Archive for February, 2012

Notes on Barter, Privacy, Data, & the Meaning of “Free”

It’s been an interesting few weeks:

  • Facebook’s upcoming $100-billion IPO has users wondering why owners get all the money while users provide all the assets.
  • Google’s revision of privacy policies has users thinking that something important has changed even though they don’t know what.
  • Google has used a loophole in Apple’s browser to gather data about iPhone users.
  • Apple has allowed app developers to download users’ address books.
  • And over in one of EDUCAUSE’s online discussion groups, the offer of a free book has somehow led security officers to do linguistic analysis of the word “free” as part of a privacy argument.

Lurking under all, I think, are the unheralded and misunderstood resurgence of a sometimes triangular barter economy, confusion about different revenue models, and, yes, disagreement what the word “free” means.

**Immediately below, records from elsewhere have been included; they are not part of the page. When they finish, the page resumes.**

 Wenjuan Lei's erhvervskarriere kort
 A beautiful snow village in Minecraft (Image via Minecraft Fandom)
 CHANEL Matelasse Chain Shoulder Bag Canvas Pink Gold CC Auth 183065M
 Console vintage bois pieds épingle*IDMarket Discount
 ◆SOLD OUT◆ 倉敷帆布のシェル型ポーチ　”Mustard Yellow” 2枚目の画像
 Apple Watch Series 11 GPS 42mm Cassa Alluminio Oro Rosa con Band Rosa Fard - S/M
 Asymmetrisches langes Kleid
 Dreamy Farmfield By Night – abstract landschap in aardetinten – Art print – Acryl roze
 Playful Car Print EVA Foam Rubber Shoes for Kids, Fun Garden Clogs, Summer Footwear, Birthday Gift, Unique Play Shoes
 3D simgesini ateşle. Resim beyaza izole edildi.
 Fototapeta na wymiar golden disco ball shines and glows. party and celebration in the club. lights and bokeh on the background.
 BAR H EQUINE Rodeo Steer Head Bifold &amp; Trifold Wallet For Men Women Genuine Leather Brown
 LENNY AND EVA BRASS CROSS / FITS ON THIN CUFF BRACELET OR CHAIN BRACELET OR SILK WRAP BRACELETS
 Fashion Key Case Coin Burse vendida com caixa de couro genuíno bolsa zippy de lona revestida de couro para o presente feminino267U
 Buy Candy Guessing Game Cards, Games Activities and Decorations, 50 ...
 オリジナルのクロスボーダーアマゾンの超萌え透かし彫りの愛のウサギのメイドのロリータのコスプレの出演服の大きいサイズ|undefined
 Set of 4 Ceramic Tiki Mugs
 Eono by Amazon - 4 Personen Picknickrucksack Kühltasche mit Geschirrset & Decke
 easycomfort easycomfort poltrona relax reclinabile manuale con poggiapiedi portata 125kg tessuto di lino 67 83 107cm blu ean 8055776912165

Let’s approach the issue obliquely, starting, in the best academic tradition, with a small-scale research problem. Here’s the hypothetical question, which I might well have asked back when I was a scholar of student choice: Is there a relationship between selectivity and degree completion at 4-year colleges and universities?

As a faculty member in the late 1970s, I’d have gone to the library and used reference tools to locate articles or reports on the subject. If I were unaffiliated and living in Chicago (which I wasn’t back then), I might have gone to the Chicago Public Library, found in its catalog a 2004 report by Laura Horn, and have had that publication pulled from closed-stack storage so I could read it.

By starting with that baseline, of course, I’m merely reminiscing. These days I can obtain the data myself, and do some quick analysis. I know the relevant data are in the Integrated Postsecondary Education Data System (IPEDS). And those IPEDS data are available online, so I can

(a) download data on 2010 selectivity, undergraduate enrollment, and bachelor’s degrees awarded for the 2,971 US institutions that grant four-year degree and import those data into Excel,

(b) eliminate the 101 system offices and such missing relevant data, the 1,194 that granted fewer than 100 degrees, the 15 institutions reporting suspiciously high degree/enrollment rates, the one that reported no degrees awarded (Miami-Dade College, in case you’re interested), and the 220 that reported no admit rate, and then

(c) for the remaining 1,440 colleges and universities, create a graph of degree completion (somewhat normalized) as a function of selectivity (ditto).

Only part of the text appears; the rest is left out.